And the A/FX set is a Transition Set. Randy. :thumbsup:


----------



## ParkRNDL (Mar 20, 2002)

thanks, Randy... i had a feeling that Cobra was a good find...

and it's good to see you all too, Bill! looking forward to catching up on back posts of Model Murdering...

--rick


----------



## clausheupel (Jan 27, 2005)

*Hey Rick,...*

...really great to see you here back again!!! :wave:

And my sincerest congratulations on your fleamarket and yardsale finds - I myself still didn´t give up hope, but other than a beat up Faller car every now and then I don´t have much luck... 

Greetings from Germany,

Claus


----------



## kilo (Apr 18, 2008)

hi all, i just got into this hobby some 10 months or so ago, and really havent had time to set up a proper track yet. but, i have been collecting alot of stuff. check out the pics for some of what i've found mostly locally.

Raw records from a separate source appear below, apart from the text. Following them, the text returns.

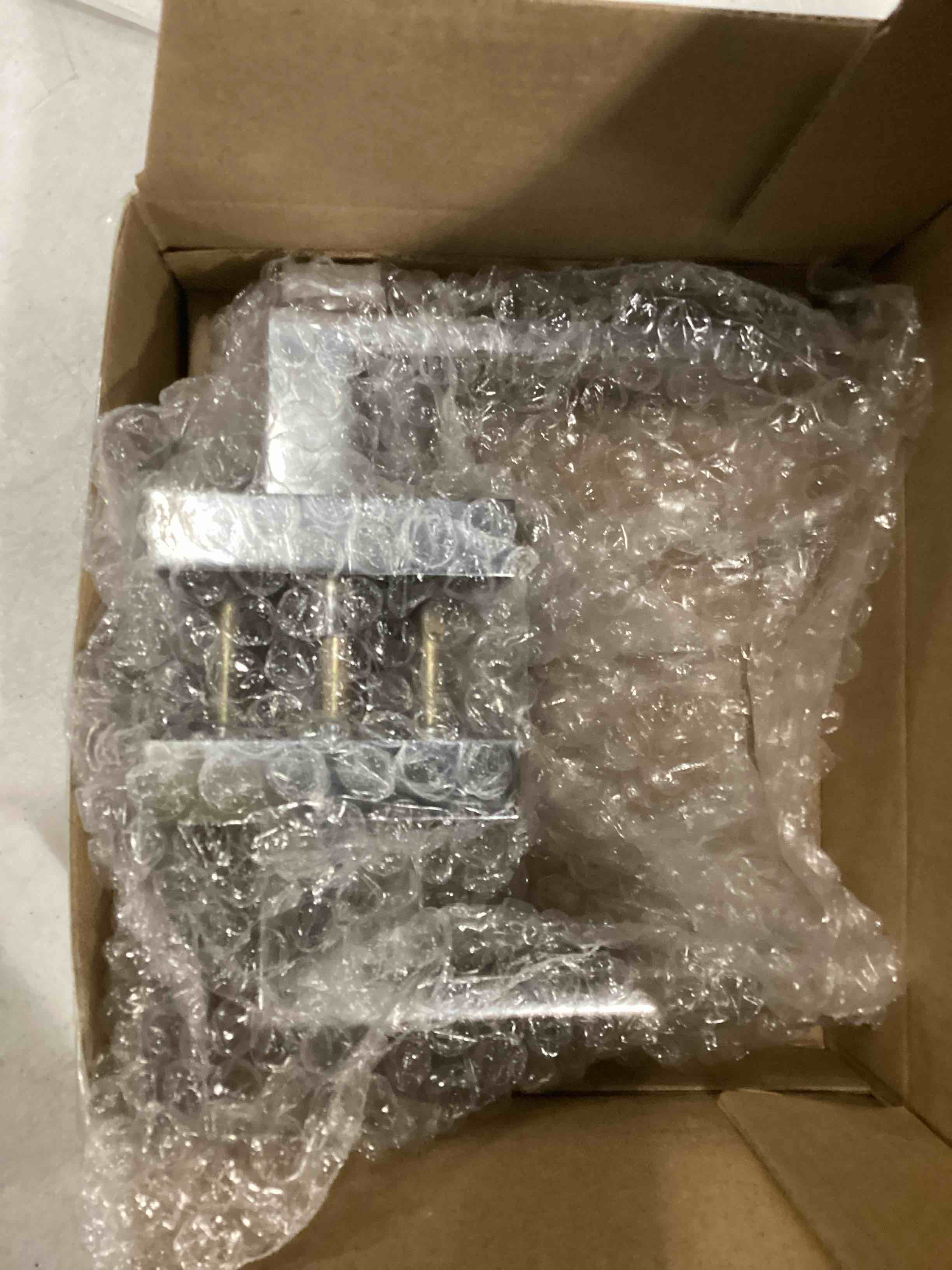 https://s3.amazonaws.com/lotting-images-prod/bidfta/RED6690561_1734120391225.jpeg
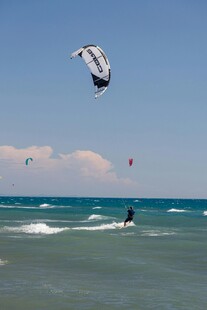 海上风筝冲浪者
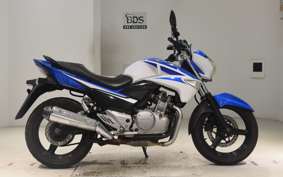SUZUKI GSR250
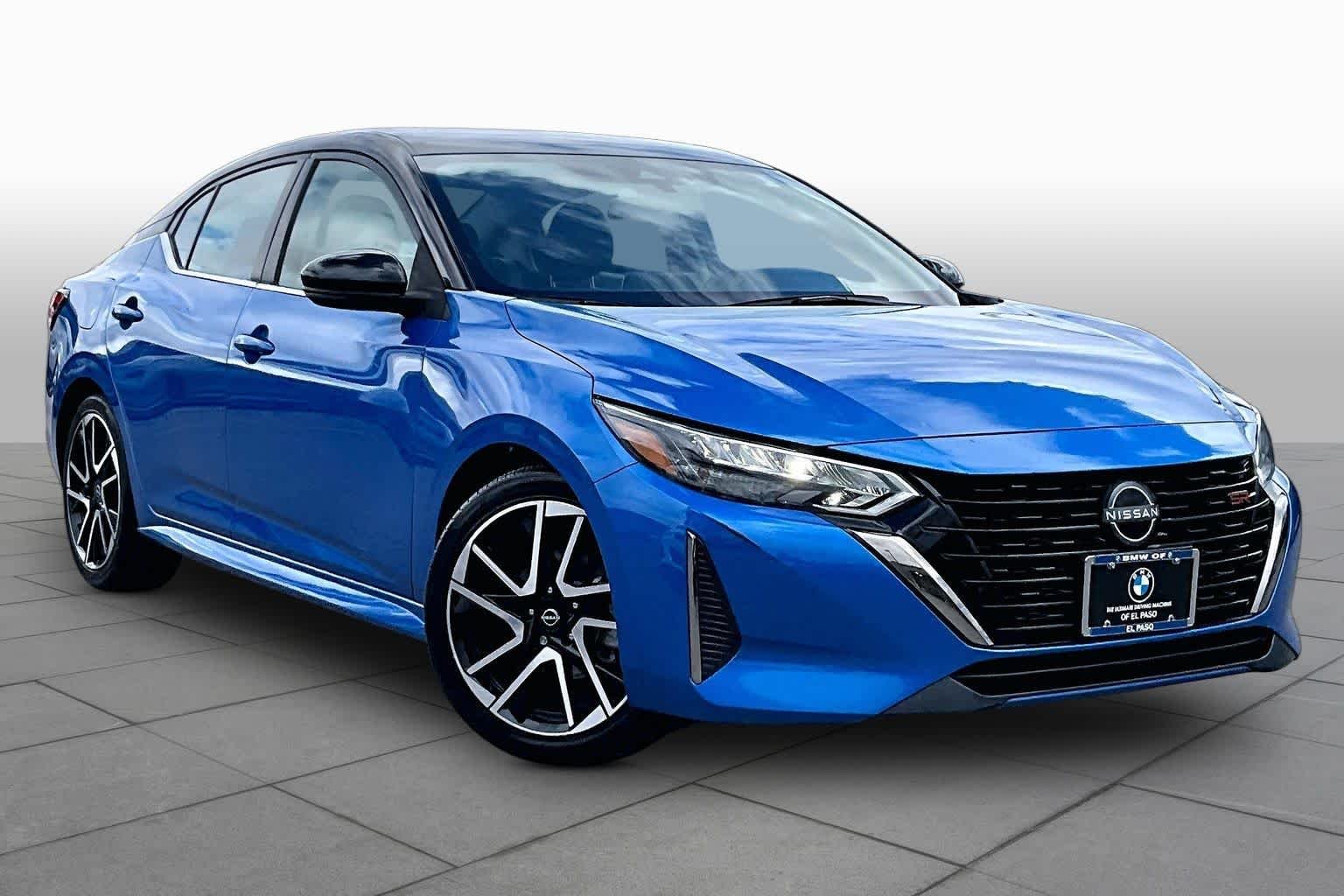 Used 2025 Electric Blue Metallic/Super Black Nissan SR image 2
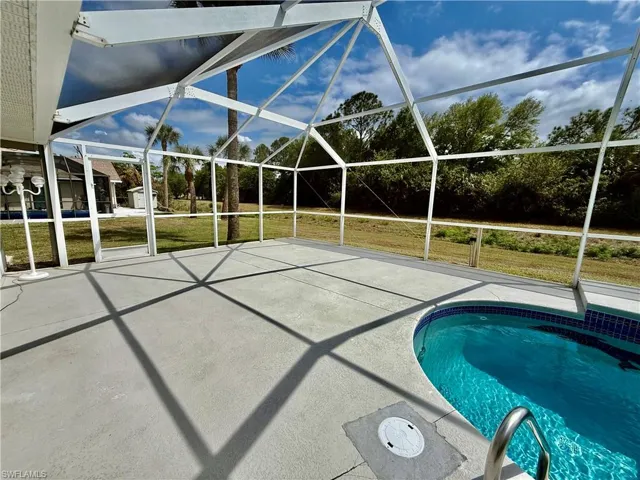 Extra large deck space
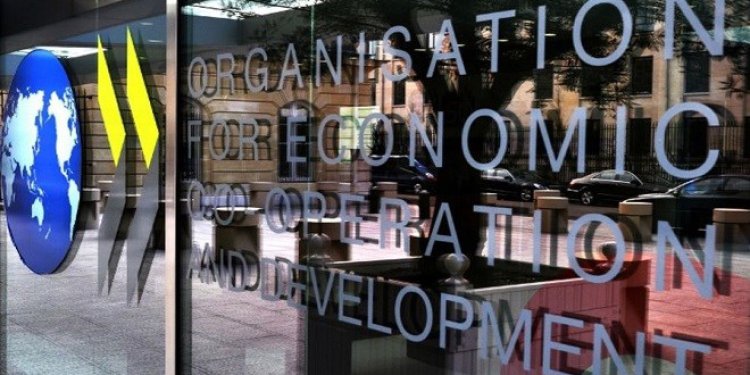 Sidérurgie mondiale sous tension : surcapacités, emploi, climat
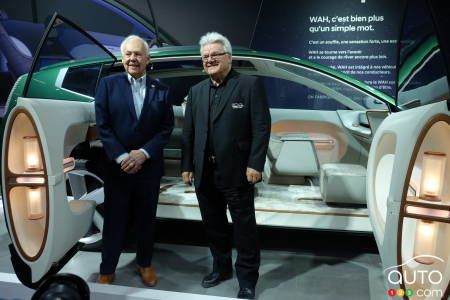 Yvan Cournoyer and Marcel Dionne in front the Hyundai SEVEN Concept at the Montreal Auto Show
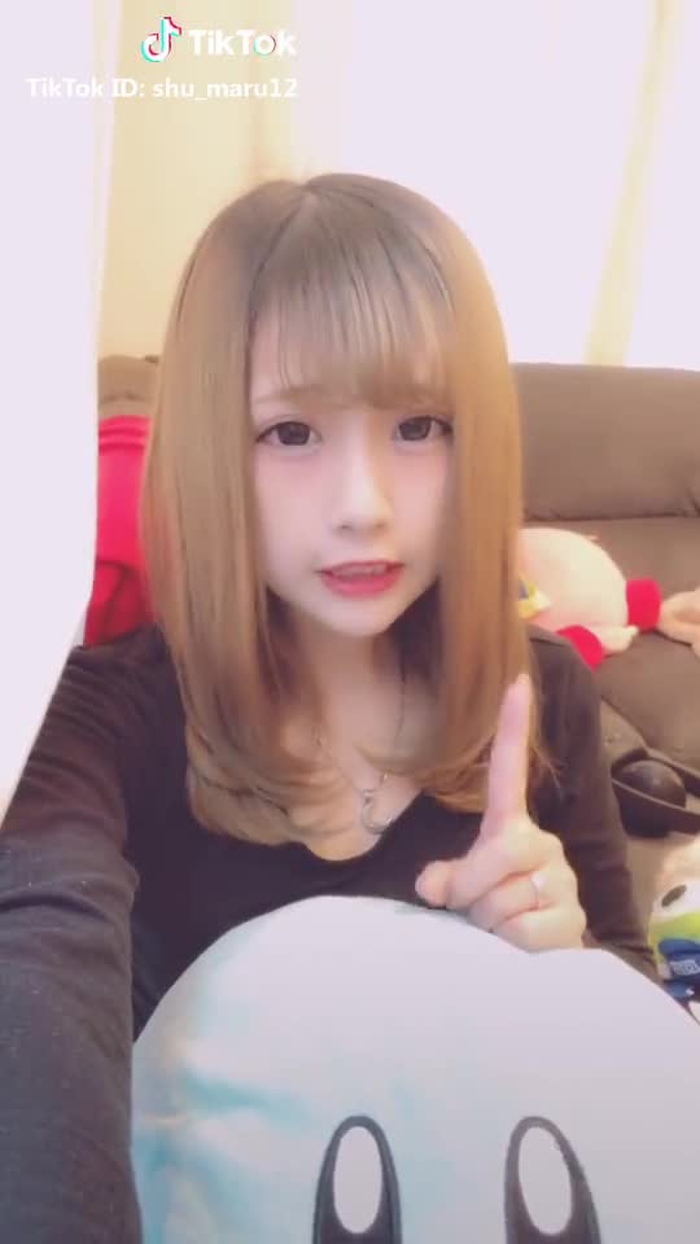 ヒートテックで撮っちゃうよね🐒 #小悪魔女子 #小悪魔女子になってみよーう #おすすめ #おすすめにのりたい 🥺🥺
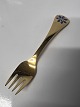 Georg Jensen Års gaffel 1986, Blå anemone, sterlingsølv.Længde 14,8 cm.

continued next..............


----------



## kilo (Apr 18, 2008)

....continued from above:

































































i just wanted to share a bit of what i've picked up. and it also goes to show that there is still plenty of vintage stuff that has yet to be dug up. thanks for the space.

--mike.


----------



## grungerockjeepe (Jan 8, 2007)

Hey Kilo...NICE haul you got there. Where are you going to pick all this up? Im not that far from you (PDX) and Id like to know where the fertile slot hunting grounds here in the Pac NW.


----------



## roadrner (Jul 21, 1999)

Kilo,
You keep collecting stuff, you won't have any room for a track/table. Good haul!  rr


----------



## flyingpatricio (Nov 7, 2008)

*Finally got them unpacked! My T-jets*

I'm building an 8'x8' "L" table in the basement and I'm busy tuning up motors while watching the tube...won't be long.


----------



## thunderjetgene (Apr 1, 2004)

I hate those guys... ( - ;


----------



## ScottD961 (Jan 31, 2008)

thunderjetgene said:


> I hate those guys... ( - ;


HA HA HA Yeah doesn't it just make ya sick !?? LOL Nice haul guys ,enjoy 'em !:thumbsup:


----------